HBO, por su lado, intenta mantener cierta distancia pública respecto a las polémicas personales de la escritora, al tiempo que impulsa una nueva etapa para la franquicia. En Europa, el proyecto se percibe como uno de los títulos más ambiciosos de la historia reciente de la plataforma, con una inversión sostenida y un plan de emisión prolongado que debería mantener la marca Harry Potter en primera línea durante años.

Una serie a largo plazo y la presión de llegar a 2027

El calendario de la producción ha sufrido ajustes desde que se anunció el proyecto.

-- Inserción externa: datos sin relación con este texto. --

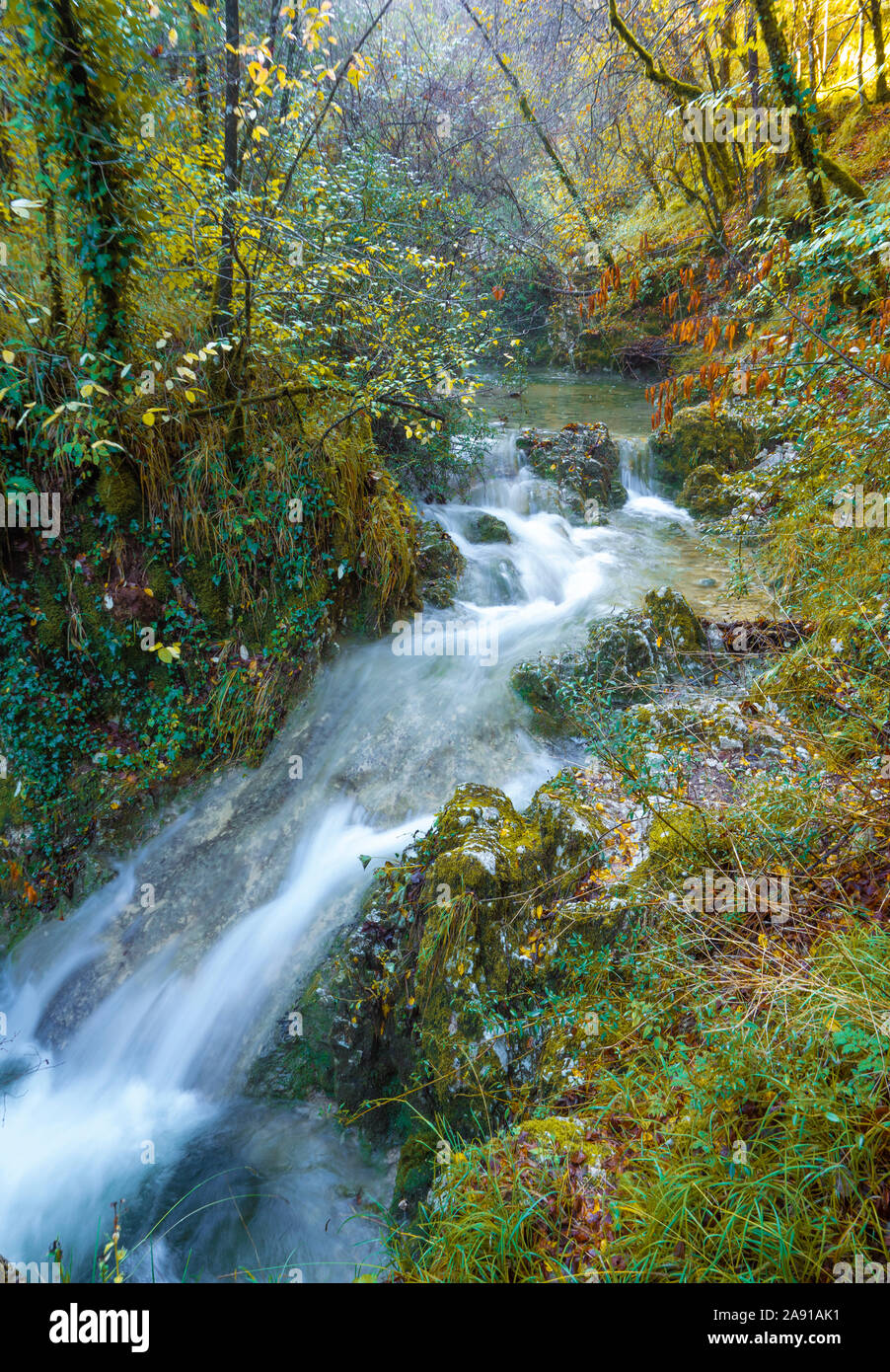 Monte Tancia (Rieti, Italia) - le suggestive cascate del torrente Galantina in le montagne degli Appennini, denominato pozze del Diavolo, durante l'autunno Foto Stock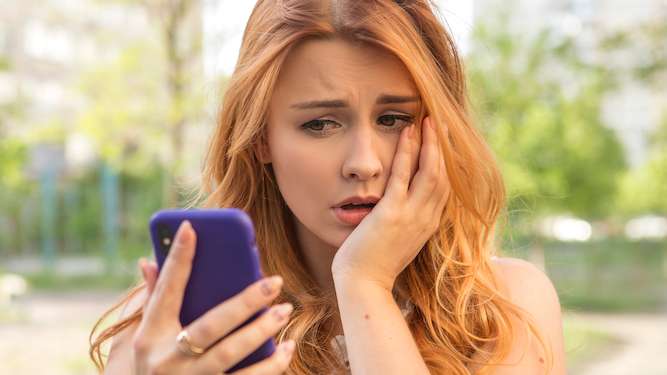 The Gen Z guide to overcoming your terror of using a phone to talk to someone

En un primer momento se barajó la posibilidad de estrenar antes, pero finalmente se ha fijado el horizonte en algún punto de 2027, previsiblemente en los primeros meses del año, según ha reiterado Casey Bloys, responsable de contenido de HBO y Max. El rodaje ya está en marcha en Reino Unido, y el plan de alargarlo durante una década obliga a todo el reparto principal, incluido Essiedu, a asumir un compromiso profesional y personal a muy largo plazo.

La serie estará liderada creativamente por Francesca Gardiner como showrunner y Mark Mylod en la dirección, nombres vinculados a producciones de alto perfil dentro de la televisión contemporánea. La idea es desarrollar una adaptación más fiel y detallada de los libros que la que permitieron las películas, explorando tramas y personajes secundarios que en su momento quedaron reducidos o directamente fuera de la gran pantalla.

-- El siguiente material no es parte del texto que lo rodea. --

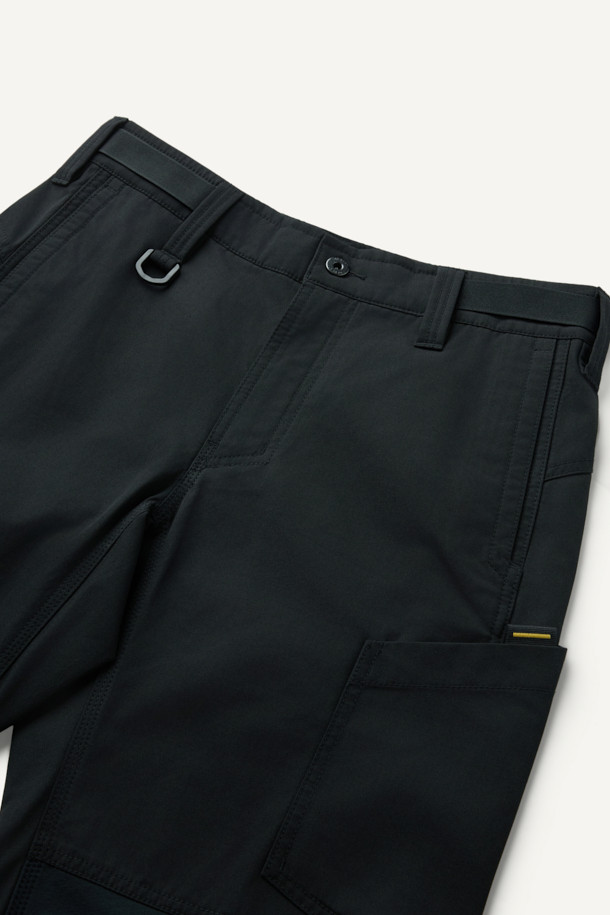 라이트워크 일렉트릭션 팬츠는 남성용 워크웨어 스타일의 워크팬츠입니다. 블랙 컬러의 면혼방 및 나일론 소재로 제작되어 봄, 여름, 가을에 착용하기 좋습니다. 컴포트핏으로 편안한 착용감을 제공하며, 무지 패턴에 중간 두께감으로 제작되었습니다. 작업 용도는 물론 일상에서도 활용 가능하며, 무릎 패드 탈부착, 총 8개의 포켓, YKK 지퍼, D링, 툴 파우치 호환 등의 기능으로 실용성을 높였습니다. 출근룩, 워크샵룩, 캠핑룩 등 다양한 TPO에 미니멀하고 캐주얼하게 스타일링할 수 있습니다.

En este contexto, el papel de Snape vuelve a ser una de las piezas clave del conjunto. El personaje, que en las novelas y en el cine se desarrolla desde la hostilidad inicial hasta la compleja redención final, es uno de los favoritos del público europeo. Precisamente por eso, el listón dejado por Alan Rickman y la carga emocional que arrastra el profesor de Pociones hacen que el trabajo de Essiedu esté sometido a un escrutinio especialmente intenso.

La polémica racial ha añadido una capa extra de presión, pero también ha generado un debate público sobre quién tiene legitimidad para encarnar a estos personajes icónicos. Mientras una parte de los seguidores insiste en que el físico debería ajustarse al imaginario original, otra recuerda que las adaptaciones siempre han introducido cambios y que, en un universo donde existen dragones y magia, bloquear a un actor por el color de su piel resulta, como mínimo, contradictorio.

Con el reloj avanzando hacia el 2027, las expectativas en España y el resto de Europa son muy altas. Para muchos espectadores que crecieron con los libros y las películas, esta serie supone la oportunidad de reencontrarse con Hogwarts desde otra perspectiva. Para nuevos públicos más jóvenes, será la puerta de entrada a un Harry Potter televisivo, diverso y pensado para una generación distinta, en la que se espera que temas como la representación, la inclusión y el discurso de odio se miren con otros ojos.

Mientras el rodaje continúa y el ruido en redes no cesa, el caso de Paapa Essiedu se ha convertido en un símbolo de las tensiones actuales entre nostalgia, diversidad y cultura fan. El actor encara amenazas y ataques que nunca deberían formar parte del trabajo de un intérprete, pero al mismo tiempo encuentra en ese rechazo una razón adicional para seguir adelante, apropiarse de Snape y demostrar, con su trabajo, que el mundo mágico también puede ser un lugar en el que más gente se vea reflejada.